Cost overruns at Lockheed Martin threaten smallsat Lunar Trailblazer orbiter

NASA is now doing a review to decide if it will kill a smallsat lunar orbiter project, dubbed Lunar Trailblazer, due to cost overruns at Lockheed Martin.

Bethany Ehlmann, principal investigator for Lunar Trailblazer at Caltech, said in a presentation at LEAG Aug. 24 that Lockheed Martin, the spacecraft subcontractor, notified NASA of “recent and projected future overruns” on the project in June. Neither Ehlmann, NASA nor Lockheed Martin quantified those overruns.

“As we brought this mission from paper to life, the engineering and design efforts exceeded our original estimate,” Lockheed Martin said in a statement to SpaceNews Aug. 25. “Our Lockheed Martin team continues to implement cutting edge digital production tools and seek out operational efficiencies to minimize any extra cost incurred over Lunar Trailblazer’s development.”

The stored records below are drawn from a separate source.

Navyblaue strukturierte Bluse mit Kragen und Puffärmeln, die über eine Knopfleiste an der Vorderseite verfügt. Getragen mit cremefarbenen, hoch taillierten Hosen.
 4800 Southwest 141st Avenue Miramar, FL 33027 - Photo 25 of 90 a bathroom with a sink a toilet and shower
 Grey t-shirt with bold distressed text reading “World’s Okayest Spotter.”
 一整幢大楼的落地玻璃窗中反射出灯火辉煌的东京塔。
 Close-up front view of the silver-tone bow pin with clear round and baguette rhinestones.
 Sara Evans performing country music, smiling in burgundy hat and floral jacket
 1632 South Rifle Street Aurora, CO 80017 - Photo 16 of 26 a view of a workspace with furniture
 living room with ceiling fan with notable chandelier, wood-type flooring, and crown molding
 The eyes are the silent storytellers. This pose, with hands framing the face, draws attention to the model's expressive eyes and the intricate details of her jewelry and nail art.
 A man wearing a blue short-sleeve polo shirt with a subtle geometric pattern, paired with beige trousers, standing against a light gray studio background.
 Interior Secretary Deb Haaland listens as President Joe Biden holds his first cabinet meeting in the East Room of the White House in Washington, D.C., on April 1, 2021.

The wording in this Lockheed Martin statement is meaningless blather, with no specific details. The bottom line however is this: Lunar Trailblazer was meant to demonstrate that it was possible to build a small low-cost science probe, in this case a lunar orbiter, and do it for no more than $55 million. Apparently, Lockheed Martin didn’t take that objective seriously. Instead, it thought it could do what it has done for decades — as have all the old big space contractors — pay no attention to cost, go overbudget, and then have NASA pick up the slack. It appears NASA might not do it this time.